Este é um mundo realmente esquisito, mesmo para pessoas inerentemente melhor adaptadas a ele, como a Ralissa. Em recente ensaio no Tostando M., ela discorre de modo meio amorfo sobre tipos de amizade.
A verdade é que eu não entendi muita coisa, e acabei deixando um comentário que em linhas gerais eu conhecia dois tipos de pessoas - aquelas de que gosto, e aquelas que são como vegetação com pernas e bocas, uma espécie ambulante da Grande Planta do filme "Little Shop of Horrors".
Eu sempre fui bastante positivo em relação a não trabalhar com categorias confusas, e usar de modo naïf as idéias dicotômicas de gostar e não gostar. E isso pode ser muito problemático, porque as relações que as pessoas estabelecem acontecem dentro de um espectro muito denso, e acaba que eu não consigo estabelecer uma diferença entre a Aninha Rebel, que me procura quando ela está deprimida, e a Ralissa, que me procura quando eu estou deprimido.
Pareceria que eu tenho muitos amigos. No total devem ser umas quinze pessoas, mas são pessoas tão ricas, e tão diferentes, que fica a sensação de que são muito mais.
Outro dia, na pressa de encontrar uma moldura teórica que fizesse sentido e me permitisse fugir de uma conversa mais emocional, defini "amizade" como uma "cooperativa de seguro existencial". E é verdade que você começa a gostar das pessoas por alguma razão específica - o Cláudio, porque ele me relembra do que posso ser, o Caio, porque ele me lembra que se der tudo errado, não será uma catástrofe digna de suicídio ritual japonês, o Yie Chen, porque me lembra de que há pessoas como eu perambulando pelo mundo, a Ralissa, porque ela me lembra que é ok ser uma pessoa realmente estranha, o Bernardo, porque ele me faz ter certeza que é possível ir até o topo tendo as melhores intenções - e inclusive a Aninha Rebel - porque, quando ela aparece, me relembra de que a minha angústia não é única, e que everybody hurts.

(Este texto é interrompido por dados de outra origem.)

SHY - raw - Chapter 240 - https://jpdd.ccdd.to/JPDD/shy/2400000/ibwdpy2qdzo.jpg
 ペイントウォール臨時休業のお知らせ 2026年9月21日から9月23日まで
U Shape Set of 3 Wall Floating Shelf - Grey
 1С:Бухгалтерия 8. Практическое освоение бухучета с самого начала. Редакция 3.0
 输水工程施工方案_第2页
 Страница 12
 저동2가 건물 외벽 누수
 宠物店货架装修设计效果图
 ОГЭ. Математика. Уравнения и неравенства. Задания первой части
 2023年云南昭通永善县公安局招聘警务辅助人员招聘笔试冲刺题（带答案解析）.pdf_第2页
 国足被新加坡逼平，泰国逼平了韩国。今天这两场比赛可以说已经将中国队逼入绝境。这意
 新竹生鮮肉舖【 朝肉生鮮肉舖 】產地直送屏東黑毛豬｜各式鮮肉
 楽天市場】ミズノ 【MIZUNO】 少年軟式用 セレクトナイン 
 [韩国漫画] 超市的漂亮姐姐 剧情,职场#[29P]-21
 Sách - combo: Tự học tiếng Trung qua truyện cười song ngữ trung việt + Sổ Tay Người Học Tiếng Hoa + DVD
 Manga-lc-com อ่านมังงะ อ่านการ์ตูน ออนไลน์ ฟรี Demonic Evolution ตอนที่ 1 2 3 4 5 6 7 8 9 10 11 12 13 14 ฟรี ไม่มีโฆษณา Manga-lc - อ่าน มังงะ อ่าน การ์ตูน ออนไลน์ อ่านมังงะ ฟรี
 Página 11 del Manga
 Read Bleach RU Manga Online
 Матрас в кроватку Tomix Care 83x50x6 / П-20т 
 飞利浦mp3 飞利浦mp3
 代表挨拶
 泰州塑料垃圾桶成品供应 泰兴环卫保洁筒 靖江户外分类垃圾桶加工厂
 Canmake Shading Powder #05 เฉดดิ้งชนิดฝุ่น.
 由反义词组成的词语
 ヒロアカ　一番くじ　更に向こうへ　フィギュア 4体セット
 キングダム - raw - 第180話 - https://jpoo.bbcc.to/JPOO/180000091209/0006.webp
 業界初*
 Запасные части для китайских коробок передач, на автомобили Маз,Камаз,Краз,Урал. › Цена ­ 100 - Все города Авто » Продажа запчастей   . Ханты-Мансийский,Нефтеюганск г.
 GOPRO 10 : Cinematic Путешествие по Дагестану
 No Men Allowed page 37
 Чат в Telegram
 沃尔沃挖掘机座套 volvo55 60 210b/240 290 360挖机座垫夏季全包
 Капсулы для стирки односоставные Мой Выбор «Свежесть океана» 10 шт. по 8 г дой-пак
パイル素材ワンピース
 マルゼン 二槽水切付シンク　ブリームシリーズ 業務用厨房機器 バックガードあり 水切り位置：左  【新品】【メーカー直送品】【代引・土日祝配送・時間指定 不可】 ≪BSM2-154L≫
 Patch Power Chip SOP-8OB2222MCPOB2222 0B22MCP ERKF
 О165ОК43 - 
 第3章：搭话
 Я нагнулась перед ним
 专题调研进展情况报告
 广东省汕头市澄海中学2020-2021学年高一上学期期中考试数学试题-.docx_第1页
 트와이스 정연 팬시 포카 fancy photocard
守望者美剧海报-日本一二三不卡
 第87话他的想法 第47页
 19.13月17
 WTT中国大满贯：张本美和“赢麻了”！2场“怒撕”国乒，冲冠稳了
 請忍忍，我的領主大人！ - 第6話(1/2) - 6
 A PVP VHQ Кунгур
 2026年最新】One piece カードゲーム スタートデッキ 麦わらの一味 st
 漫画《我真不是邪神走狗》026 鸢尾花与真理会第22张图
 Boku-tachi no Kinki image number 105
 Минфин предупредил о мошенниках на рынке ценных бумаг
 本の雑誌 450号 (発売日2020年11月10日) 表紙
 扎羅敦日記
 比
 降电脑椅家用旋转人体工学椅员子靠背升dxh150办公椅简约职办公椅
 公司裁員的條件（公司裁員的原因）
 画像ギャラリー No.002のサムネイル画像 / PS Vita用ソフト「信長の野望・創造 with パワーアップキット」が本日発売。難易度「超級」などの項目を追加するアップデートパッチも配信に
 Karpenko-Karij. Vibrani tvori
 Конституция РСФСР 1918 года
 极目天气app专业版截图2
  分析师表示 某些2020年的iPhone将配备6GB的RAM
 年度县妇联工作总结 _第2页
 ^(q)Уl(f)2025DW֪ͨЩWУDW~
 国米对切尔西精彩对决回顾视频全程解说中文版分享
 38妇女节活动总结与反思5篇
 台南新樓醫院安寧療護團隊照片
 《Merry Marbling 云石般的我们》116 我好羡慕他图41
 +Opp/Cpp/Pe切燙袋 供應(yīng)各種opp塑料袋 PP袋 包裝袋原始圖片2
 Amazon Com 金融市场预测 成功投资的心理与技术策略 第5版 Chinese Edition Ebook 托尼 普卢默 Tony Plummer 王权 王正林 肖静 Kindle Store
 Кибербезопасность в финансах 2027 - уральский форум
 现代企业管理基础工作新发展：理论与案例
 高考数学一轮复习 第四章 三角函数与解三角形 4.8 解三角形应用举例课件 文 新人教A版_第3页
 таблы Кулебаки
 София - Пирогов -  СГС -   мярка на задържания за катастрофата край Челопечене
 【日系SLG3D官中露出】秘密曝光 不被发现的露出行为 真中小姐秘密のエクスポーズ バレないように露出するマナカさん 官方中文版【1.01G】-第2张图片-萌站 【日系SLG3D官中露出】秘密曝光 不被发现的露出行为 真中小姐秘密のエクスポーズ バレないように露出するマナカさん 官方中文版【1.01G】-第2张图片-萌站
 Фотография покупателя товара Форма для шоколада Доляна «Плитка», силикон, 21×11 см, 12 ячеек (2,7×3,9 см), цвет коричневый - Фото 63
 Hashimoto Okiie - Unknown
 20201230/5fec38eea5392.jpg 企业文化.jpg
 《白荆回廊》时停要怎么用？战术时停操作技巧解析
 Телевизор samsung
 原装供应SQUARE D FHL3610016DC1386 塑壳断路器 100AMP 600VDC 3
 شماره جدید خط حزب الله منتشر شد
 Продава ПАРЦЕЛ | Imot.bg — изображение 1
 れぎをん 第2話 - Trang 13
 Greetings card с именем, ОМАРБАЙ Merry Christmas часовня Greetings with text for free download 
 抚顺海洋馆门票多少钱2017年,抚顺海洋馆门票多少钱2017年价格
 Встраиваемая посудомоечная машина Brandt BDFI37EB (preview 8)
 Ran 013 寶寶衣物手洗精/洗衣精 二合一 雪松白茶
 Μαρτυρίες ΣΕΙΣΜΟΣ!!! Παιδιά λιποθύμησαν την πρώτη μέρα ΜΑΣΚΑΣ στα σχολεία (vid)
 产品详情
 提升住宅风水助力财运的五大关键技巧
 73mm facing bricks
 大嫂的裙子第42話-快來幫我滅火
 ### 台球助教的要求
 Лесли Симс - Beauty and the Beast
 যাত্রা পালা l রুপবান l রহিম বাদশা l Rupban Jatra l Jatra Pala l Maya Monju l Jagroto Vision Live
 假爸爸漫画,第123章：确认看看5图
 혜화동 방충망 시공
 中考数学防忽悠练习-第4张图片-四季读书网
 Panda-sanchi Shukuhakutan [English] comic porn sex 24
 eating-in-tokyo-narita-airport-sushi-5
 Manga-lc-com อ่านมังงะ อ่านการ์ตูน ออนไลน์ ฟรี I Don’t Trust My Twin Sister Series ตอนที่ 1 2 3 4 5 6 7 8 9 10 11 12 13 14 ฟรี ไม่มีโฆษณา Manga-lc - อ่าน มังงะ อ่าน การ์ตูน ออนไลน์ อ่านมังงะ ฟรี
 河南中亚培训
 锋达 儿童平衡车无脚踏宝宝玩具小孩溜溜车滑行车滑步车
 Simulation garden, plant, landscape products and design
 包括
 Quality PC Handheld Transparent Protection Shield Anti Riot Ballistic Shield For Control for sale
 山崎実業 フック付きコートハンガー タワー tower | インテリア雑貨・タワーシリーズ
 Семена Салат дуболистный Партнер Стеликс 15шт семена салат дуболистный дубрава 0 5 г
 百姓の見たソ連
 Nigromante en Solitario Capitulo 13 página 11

Conversar com essas pessoas (às vezes simplesmente estar com essas pessoas) sempre aliviou o mal-estar essencial ao morar em um mundo que não é o seu mundo, mas é um mundo construído espontânea e histericamente por e para ESFJs espontâneos e histéricos.
Claro, por pura lógica, o mero fato de saber que essas pessoas existem seria o suficente para lidar com o mal-estar. O estranho é que mesmo para além do efeito terapêutico sobre a minha inadaptação fundamental, eu continuo gostando delas. O mundo é tão mais rico com elas dentro.